Stored data entries
+++++

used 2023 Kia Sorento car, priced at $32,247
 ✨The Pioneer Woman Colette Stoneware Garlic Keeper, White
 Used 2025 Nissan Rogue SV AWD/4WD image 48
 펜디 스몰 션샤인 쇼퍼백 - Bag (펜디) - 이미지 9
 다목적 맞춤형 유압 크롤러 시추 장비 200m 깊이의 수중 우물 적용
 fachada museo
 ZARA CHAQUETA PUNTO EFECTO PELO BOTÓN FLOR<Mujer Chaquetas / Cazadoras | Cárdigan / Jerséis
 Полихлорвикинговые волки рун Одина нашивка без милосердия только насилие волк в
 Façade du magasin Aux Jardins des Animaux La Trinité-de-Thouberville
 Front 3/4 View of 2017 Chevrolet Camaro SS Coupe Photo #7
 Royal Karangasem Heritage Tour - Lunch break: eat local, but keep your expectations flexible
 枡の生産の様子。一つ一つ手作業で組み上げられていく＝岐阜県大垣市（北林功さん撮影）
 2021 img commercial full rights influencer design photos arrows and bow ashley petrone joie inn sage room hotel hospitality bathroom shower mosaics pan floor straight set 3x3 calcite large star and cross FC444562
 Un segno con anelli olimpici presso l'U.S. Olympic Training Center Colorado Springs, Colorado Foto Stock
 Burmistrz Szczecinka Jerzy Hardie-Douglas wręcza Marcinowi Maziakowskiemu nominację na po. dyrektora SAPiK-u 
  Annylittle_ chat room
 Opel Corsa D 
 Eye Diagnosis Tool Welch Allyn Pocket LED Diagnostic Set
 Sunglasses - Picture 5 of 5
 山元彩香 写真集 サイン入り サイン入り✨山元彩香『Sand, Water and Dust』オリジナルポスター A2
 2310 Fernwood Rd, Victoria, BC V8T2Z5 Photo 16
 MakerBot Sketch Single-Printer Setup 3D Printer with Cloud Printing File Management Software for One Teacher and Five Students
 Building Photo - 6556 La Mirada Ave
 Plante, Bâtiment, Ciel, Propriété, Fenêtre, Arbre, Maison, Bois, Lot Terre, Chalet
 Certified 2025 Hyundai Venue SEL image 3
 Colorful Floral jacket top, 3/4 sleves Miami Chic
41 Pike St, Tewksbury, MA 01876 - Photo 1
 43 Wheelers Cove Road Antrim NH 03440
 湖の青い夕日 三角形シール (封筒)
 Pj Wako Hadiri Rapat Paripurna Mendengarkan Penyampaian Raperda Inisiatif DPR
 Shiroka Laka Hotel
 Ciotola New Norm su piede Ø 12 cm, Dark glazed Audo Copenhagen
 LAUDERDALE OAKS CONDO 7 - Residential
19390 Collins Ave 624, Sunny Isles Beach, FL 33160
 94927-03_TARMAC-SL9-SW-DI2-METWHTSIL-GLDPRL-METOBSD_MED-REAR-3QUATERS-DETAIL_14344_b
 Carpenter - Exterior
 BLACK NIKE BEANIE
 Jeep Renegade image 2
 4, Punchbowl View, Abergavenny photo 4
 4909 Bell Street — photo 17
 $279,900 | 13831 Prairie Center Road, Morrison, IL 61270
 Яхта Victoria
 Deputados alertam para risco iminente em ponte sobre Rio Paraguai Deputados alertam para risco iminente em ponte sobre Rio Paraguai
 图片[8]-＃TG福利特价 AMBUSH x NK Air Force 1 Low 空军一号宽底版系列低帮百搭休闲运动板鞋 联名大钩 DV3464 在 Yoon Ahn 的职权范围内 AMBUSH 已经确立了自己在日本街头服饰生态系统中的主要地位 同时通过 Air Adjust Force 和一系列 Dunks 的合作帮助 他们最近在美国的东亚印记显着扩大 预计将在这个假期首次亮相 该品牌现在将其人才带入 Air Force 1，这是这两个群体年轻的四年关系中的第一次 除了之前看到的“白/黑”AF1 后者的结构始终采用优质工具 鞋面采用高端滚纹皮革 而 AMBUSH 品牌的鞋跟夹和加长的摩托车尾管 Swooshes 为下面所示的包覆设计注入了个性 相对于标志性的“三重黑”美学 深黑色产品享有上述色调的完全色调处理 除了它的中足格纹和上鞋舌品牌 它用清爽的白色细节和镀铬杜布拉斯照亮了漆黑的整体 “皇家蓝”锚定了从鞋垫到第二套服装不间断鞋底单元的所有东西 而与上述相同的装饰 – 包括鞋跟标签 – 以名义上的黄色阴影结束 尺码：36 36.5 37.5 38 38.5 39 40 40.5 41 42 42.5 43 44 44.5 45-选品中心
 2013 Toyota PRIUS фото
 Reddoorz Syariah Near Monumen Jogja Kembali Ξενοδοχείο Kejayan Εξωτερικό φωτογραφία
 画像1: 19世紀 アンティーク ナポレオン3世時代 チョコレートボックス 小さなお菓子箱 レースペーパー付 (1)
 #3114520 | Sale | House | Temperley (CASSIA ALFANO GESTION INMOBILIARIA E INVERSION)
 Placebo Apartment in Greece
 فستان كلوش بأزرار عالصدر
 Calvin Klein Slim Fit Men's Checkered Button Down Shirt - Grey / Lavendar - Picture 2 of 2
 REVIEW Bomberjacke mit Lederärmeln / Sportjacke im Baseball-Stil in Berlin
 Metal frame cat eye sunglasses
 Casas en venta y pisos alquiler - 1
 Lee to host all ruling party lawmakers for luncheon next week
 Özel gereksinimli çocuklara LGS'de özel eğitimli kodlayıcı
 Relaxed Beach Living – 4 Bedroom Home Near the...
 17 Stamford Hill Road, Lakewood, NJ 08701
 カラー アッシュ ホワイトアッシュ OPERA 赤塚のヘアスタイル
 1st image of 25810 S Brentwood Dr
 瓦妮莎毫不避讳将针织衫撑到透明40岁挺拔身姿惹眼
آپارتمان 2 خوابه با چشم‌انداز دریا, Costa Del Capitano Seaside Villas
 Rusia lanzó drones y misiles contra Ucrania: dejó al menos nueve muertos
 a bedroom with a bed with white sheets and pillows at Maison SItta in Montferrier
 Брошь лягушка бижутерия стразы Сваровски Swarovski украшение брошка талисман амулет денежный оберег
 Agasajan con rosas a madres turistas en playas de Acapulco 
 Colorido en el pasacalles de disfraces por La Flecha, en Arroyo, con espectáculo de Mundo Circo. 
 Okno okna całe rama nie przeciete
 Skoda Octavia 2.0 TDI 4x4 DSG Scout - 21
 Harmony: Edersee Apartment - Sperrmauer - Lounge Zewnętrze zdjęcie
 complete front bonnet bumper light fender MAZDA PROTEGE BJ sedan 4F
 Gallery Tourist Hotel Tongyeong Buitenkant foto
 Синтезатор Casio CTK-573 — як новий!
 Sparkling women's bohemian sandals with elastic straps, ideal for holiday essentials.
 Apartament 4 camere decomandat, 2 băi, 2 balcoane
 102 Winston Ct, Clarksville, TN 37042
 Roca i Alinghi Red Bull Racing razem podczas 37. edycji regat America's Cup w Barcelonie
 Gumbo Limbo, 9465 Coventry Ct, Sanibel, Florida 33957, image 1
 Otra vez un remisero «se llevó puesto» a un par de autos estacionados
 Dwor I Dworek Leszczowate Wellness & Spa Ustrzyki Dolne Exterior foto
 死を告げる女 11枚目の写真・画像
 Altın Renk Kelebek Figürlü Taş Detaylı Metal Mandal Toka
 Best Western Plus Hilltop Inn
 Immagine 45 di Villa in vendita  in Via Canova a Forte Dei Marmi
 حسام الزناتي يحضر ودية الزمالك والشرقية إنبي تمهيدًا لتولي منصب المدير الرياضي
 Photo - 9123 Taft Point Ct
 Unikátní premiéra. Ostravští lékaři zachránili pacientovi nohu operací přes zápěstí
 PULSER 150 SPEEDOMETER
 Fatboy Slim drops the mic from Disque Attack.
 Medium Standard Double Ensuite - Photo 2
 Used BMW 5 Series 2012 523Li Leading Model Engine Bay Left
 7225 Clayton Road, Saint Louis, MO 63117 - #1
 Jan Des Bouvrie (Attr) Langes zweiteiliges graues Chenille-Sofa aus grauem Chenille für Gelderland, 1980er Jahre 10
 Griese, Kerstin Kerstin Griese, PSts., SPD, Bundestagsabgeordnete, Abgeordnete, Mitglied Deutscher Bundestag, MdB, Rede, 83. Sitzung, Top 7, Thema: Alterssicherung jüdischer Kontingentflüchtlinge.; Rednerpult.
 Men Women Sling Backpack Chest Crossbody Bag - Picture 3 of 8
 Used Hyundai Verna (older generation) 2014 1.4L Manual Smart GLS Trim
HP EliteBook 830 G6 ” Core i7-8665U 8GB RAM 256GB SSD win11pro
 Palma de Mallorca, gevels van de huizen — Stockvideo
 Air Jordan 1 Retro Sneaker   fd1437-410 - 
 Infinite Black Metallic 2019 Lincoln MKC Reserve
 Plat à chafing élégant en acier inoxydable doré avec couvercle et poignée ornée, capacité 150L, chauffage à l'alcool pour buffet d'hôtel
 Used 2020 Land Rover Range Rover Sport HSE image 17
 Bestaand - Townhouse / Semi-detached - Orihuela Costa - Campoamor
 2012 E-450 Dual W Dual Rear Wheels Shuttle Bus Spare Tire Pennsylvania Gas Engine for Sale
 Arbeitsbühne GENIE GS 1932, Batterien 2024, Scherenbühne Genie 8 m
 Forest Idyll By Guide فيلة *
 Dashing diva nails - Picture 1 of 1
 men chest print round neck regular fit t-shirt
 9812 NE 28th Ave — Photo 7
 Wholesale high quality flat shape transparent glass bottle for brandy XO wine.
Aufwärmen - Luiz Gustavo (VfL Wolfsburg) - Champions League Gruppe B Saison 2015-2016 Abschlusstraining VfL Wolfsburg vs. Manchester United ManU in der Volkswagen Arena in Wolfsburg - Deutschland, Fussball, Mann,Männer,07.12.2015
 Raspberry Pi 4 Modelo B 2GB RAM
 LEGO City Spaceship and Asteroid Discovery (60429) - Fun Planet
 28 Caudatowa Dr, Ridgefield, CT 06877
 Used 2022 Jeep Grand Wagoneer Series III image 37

+++++

**What the task requires**
Write out exactly the lines above from the line with "2012 E-450 Dual" through the line with "men chest print", both of them included, and leave out all other lines.

**Task result**
 2012 E-450 Dual W Dual Rear Wheels Shuttle Bus Spare Tire Pennsylvania Gas Engine for Sale
 Arbeitsbühne GENIE GS 1932, Batterien 2024, Scherenbühne Genie 8 m
 Forest Idyll By Guide فيلة *
 Dashing diva nails - Picture 1 of 1
 men chest print round neck regular fit t-shirt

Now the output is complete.